Start of INPUT DATA
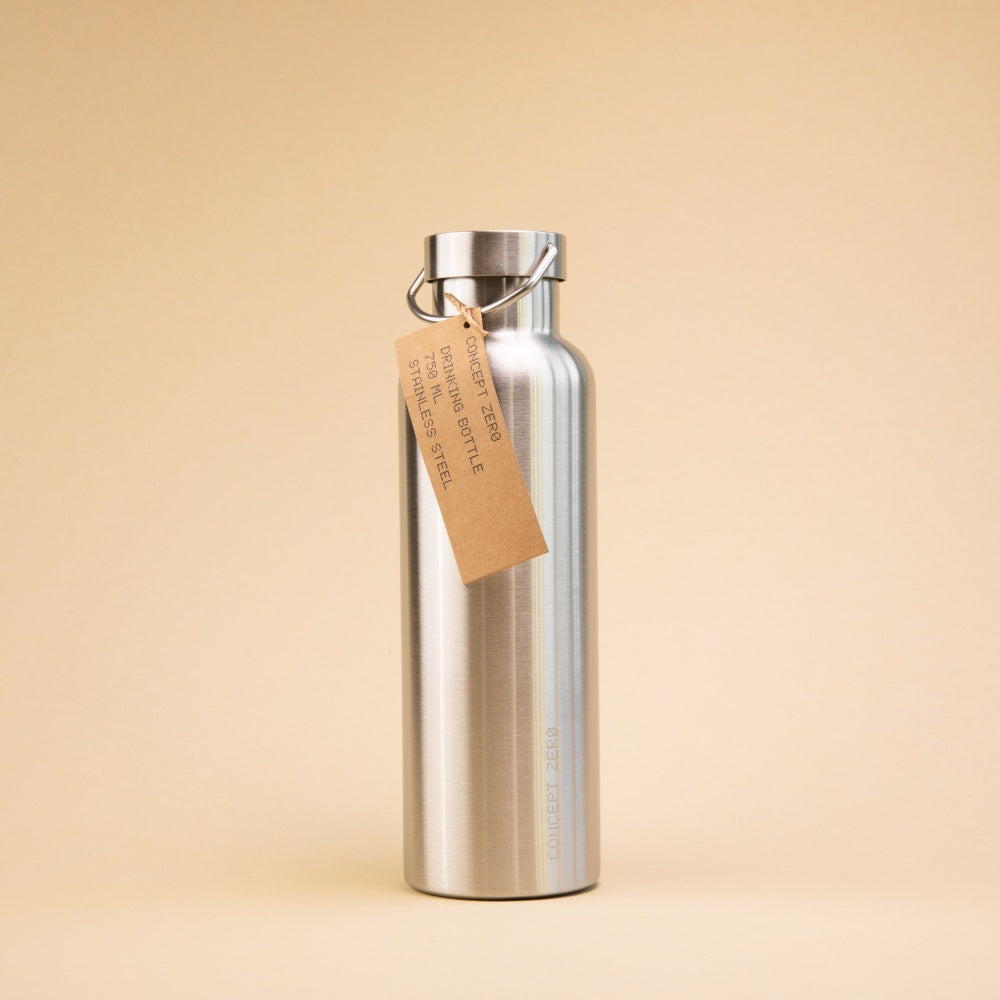 Concept Zero stål drikkeflaske 750 ml. Stilig og lekkasjesikker.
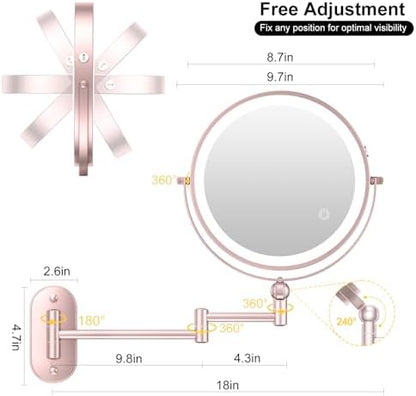 9" Wall Mounted Lighted Makeup Mirror,4000mAh Rechargeable Double Sided 1X/10X Magnifying Mirror with Light,3 Color Lights,Touch Dimmable,Extended Arm 360 Rotation Wall Mounted Makeup Mirror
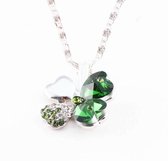 Klaver 4 Hart ketting Groen, Valentijn
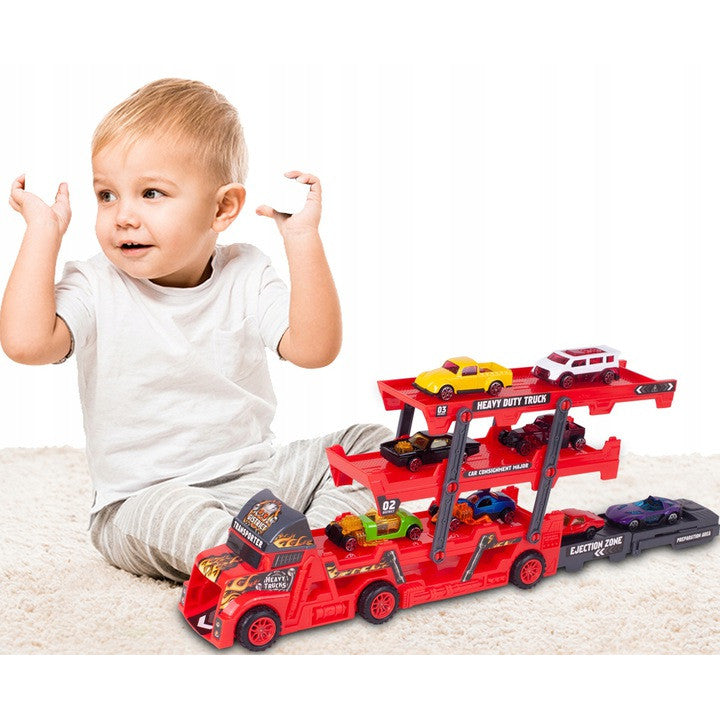 Camion Interactiv Car Laucher idealSTORE, Echipat cu 8 masinute pentru lansare pe 3 nivele, Roti rezistente din cauciuc, Rampa, Fabricat din plastic Durabil, Dezvolta coordonarea si abilitatile motorii ale copilului mic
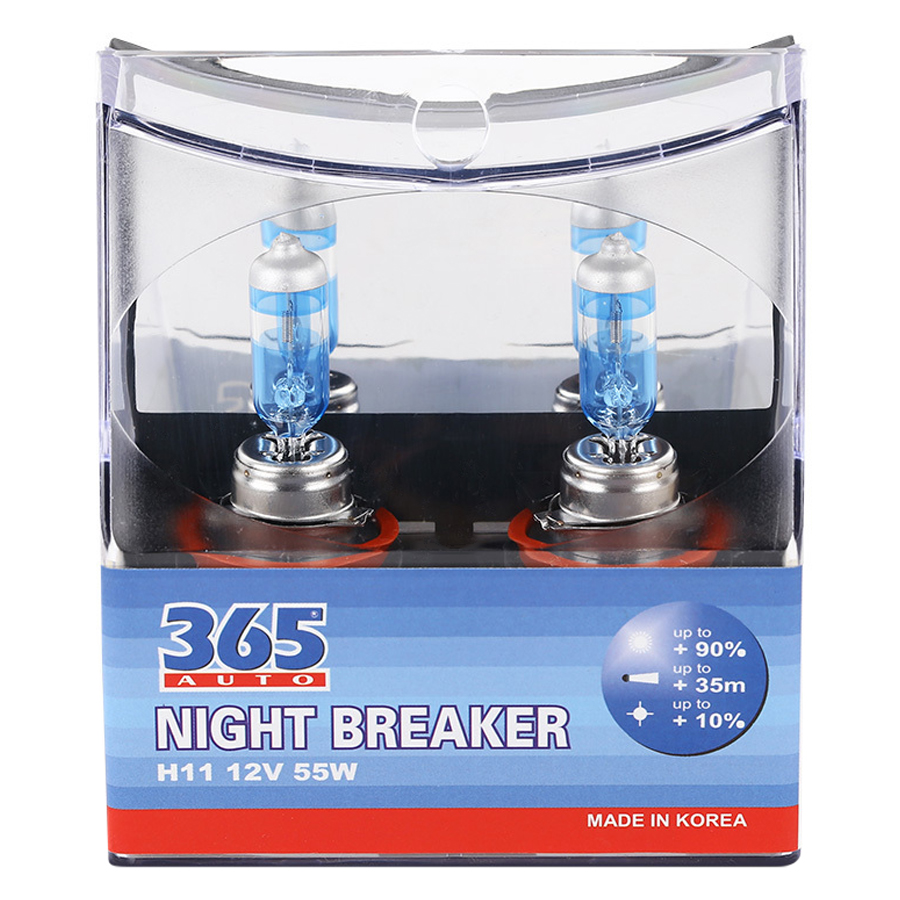 Bộ 2 Bóng Đèn Ô Tô 365-Auto H11 Night Breaker (55W) - Xanh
End of INPUT DATA
[TASK GOAL]
Only lines from the one holding "Camion Interactiv Car" through the last line of the entries above are wanted, both ends included, each retyped exactly; no pictures.

[SOLVED PROBLEM]
 Camion Interactiv Car Laucher idealSTORE, Echipat cu 8 masinute pentru lansare pe 3 nivele, Roti rezistente din cauciuc, Rampa, Fabricat din plastic Durabil, Dezvolta coordonarea si abilitatile motorii ale copilului mic
 Bộ 2 Bóng Đèn Ô Tô 365-Auto H11 Night Breaker (55W) - Xanh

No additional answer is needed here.